Implementation:OpenGVLab InternVL FCNHead Custom
| Knowledge Sources | |
|---|---|
| Domains | Segmentation, Decode Head, Model Architecture |
| Last Updated | 2026-02-07 14:00 GMT |
Overview
Custom FCN (Fully Convolutional Network) decode head for semantic segmentation that supports zero-convolution mode for linear probing and explicit FP32 casting for numerical stability with BFloat16 backbone features.
Description
FCNHead extends MMSeg's BaseDecodeHead and is force-registered with the HEADS registry. It implements the standard FCN architecture from FCNNet with key customizations:
- num_convs=0 mode: When zero convolutions are specified, the conv layers become an nn.Identity, making the head a simple linear classifier. This enables linear probing experiments where the backbone features are directly classified without additional convolutional processing. An assertion ensures in_channels equals channels in this mode.

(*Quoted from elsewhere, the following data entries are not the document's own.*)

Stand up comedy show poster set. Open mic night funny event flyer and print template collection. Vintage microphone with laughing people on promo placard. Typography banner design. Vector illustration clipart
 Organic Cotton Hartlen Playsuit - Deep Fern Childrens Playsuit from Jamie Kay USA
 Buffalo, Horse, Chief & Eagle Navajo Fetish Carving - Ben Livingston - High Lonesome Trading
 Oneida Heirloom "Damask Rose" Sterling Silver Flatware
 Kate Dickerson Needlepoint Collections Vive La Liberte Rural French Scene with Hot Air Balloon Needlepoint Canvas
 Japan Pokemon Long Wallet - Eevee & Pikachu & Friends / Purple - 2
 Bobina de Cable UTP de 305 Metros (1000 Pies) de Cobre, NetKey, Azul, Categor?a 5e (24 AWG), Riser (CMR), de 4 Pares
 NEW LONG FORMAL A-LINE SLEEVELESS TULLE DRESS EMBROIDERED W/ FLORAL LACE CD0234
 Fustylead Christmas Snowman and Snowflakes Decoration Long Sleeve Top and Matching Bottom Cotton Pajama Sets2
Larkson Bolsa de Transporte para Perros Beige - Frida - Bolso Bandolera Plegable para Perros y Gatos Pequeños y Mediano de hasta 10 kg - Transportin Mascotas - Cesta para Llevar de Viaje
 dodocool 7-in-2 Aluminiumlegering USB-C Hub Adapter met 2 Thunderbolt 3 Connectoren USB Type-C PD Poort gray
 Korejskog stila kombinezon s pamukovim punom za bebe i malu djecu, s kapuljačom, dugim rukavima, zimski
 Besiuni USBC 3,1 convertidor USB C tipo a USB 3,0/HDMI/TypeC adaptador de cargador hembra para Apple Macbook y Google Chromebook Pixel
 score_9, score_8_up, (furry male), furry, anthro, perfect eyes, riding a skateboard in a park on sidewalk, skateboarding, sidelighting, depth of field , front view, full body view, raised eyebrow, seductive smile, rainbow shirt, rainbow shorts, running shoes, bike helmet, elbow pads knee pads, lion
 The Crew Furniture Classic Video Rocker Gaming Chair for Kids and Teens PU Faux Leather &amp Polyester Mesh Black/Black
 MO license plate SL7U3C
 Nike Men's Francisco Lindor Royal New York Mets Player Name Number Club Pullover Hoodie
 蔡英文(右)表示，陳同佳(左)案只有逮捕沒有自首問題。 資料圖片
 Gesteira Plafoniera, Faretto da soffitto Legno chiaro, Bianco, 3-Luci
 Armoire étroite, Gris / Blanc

- Optional SyncBatchNorm: The with_norm parameter adds an nn.SyncBatchNorm layer after feature extraction (or nn.Identity when disabled), useful for multi-GPU training consistency.
- FP32 forward pass: The forward() method explicitly calls self.to(torch.float32) before processing, ensuring numerical stability when receiving BFloat16 features from the InternViT backbone. This prevents precision-related issues in the classification head.
- Concat input: When concat_input=True (default), the original input features and convolution outputs are concatenated before the final classification convolution (conv_cat).
Usage
Use this decode head in segmentation configs for InternVL backbone models, especially for linear probing (num_convs=0) and few-shot experiments.
Code Reference
Source Location
- Repository: OpenGVLab_InternVL
- File: segmentation/mmseg_custom/models/decode_heads/fcn_head.py
- Lines: 1-102
Signature
@HEADS.register_module(force=True)
class FCNHead(BaseDecodeHead):
def __init__(self, num_convs=2, kernel_size=3, concat_input=True,
dilation=1, with_norm=False, **kwargs): ...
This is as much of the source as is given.